The only honest answer to this, which satisfies nobody, is "Damned if I know." In 30 years of teaching, which includes ten Clarion classes, I have had students that I thought had a lot of talent, but who didn't succeed as SF writers because they became more interested in writing mysteries, or computer books, or in computers, or racing cars, or any number of other things. I've had students I thought had only average talent who have gone on to be successes due to hard work and the persistence of a bulldog with a burglar in its teeth. I've had students who turned in God-awful stories but they were very early stories and the writers had a very steep learning curve; within a year they were publishing.

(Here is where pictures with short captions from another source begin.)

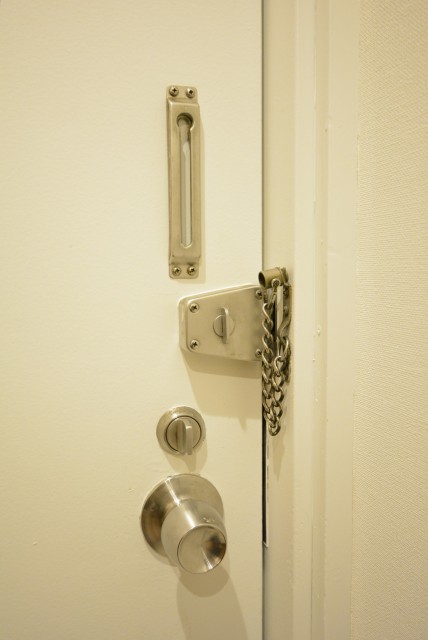 ファミール浜園 玄関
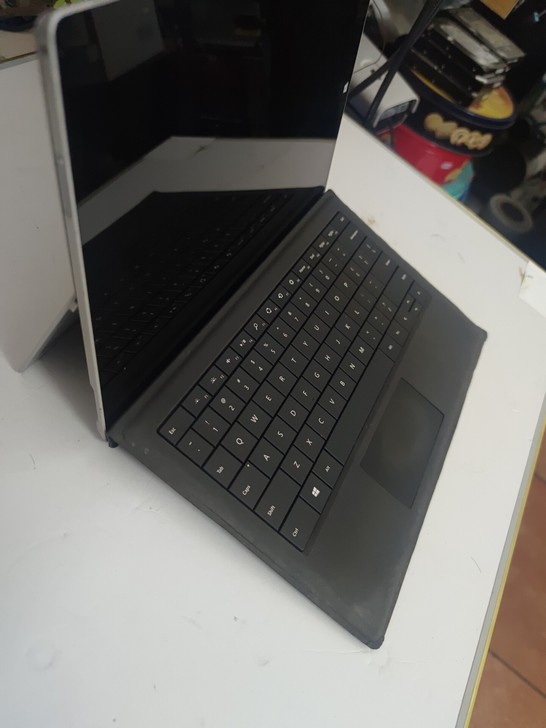 老婆大人自用的 微软surface pro...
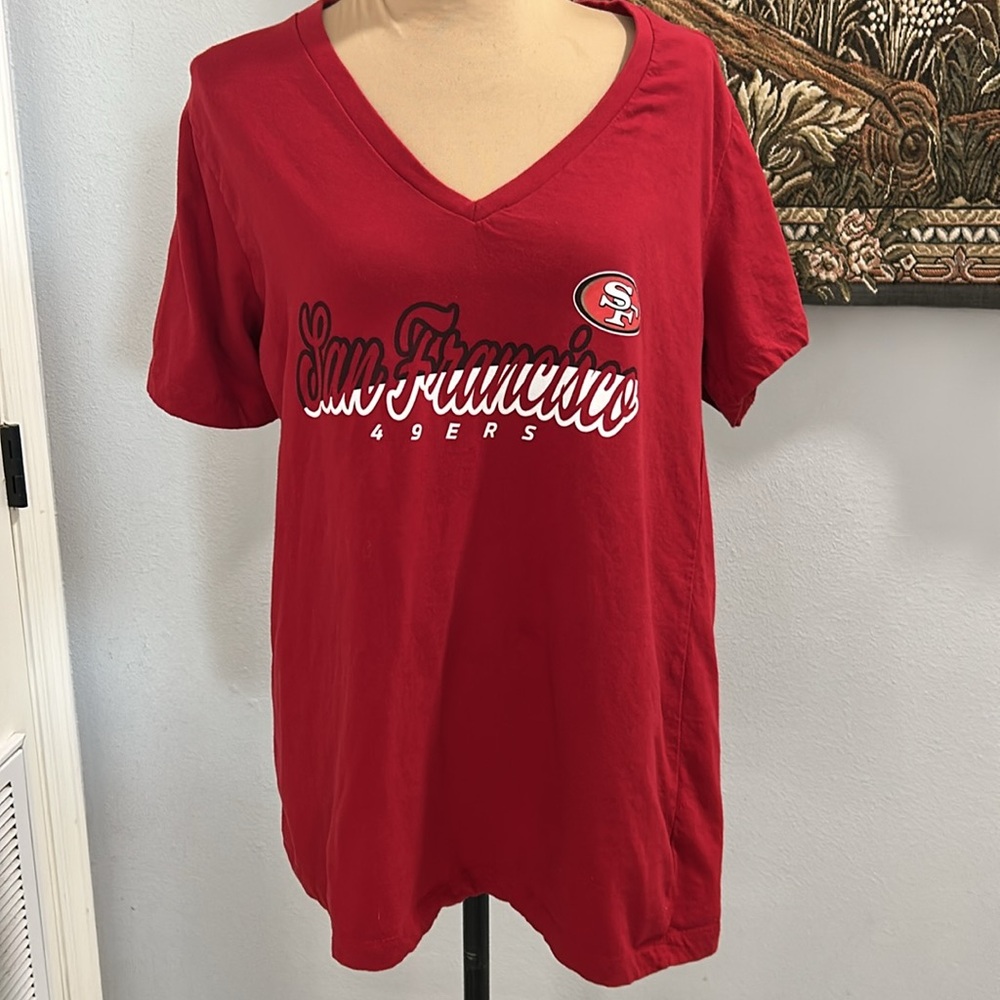 NFL Team Apparel San Francisco 49rs V-Neck Short Sleeve Tee. Size 1X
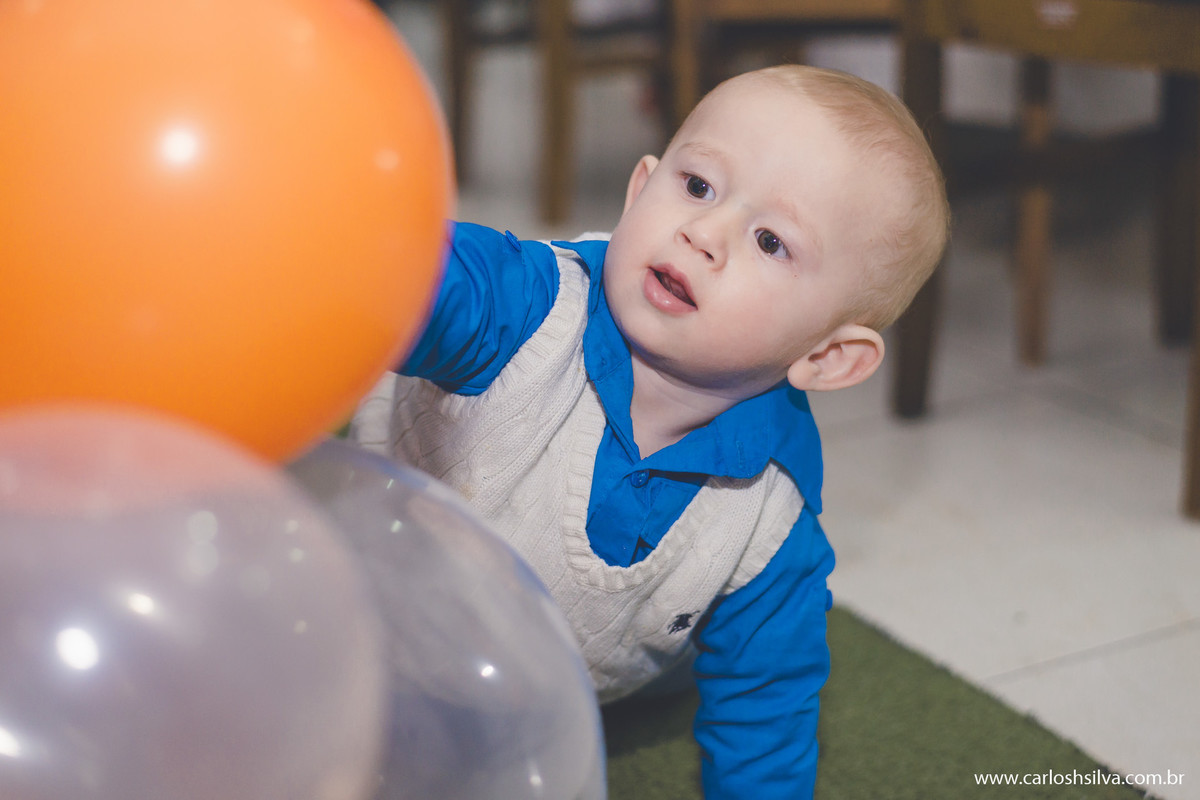 caetano brincando com balão abobora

I've had students with much raw talent but a total resistance to changing anything ever from their first drafts, who therefore never improved the technical aspects of their craft and never sold.

If you ask me The Question, and I've seen only one or two samples of your work, there's no way I can assess your persistence, ability and/or willingness to learn, stores of imagination you haven't yet transferred to the page, and toughness to absorb the often massive doses of rejection that accompany the start of most writing careers. That's my answer right there, and it satisfies nobody.

So don't ask. The answer lies inside you, not me.

Thursday, January 17, 2008

First Person Speculative

I was thinking about my fiction -- writers are always thinking about their fiction -- and I realized something that had not occurred to me before. Please bear with me for a minute; what follows is not ego but tentative insight. Of the four stories I have in upcoming Bests of the Year, plus the two on the preliminary Nebula ballot, all but one ("Safeguard") is written in first person. And of my previous awards for short fiction, only one ("Beggars in Spain") was written in anything except first person.

Why is this? It's not because readers in general prefer first person narratives; a quick scan of a long list of Nebula and Hugo winners reveals that. I think, rather, that it's because I, with my personal idiosyncrasies, write better in first person than in third.

In first person, I feel more free -- not necessarily am more free, but feel more free -- to go deeper into a character. The character's voice helps me to become him or her, which is my general (if vague) strategy for writing anything. When the voice is in my head, the character comes more vividly to my page.

I could be wrong on this, of course, even for myself (let alone other writers). After all, "Beggars in Spain," my most widely known work to date, is in third person. But nonetheless, the explanation rings true to me.

The work I have just begun, however, is in multiple third. There's no other way to tell this particular story. Ah, well.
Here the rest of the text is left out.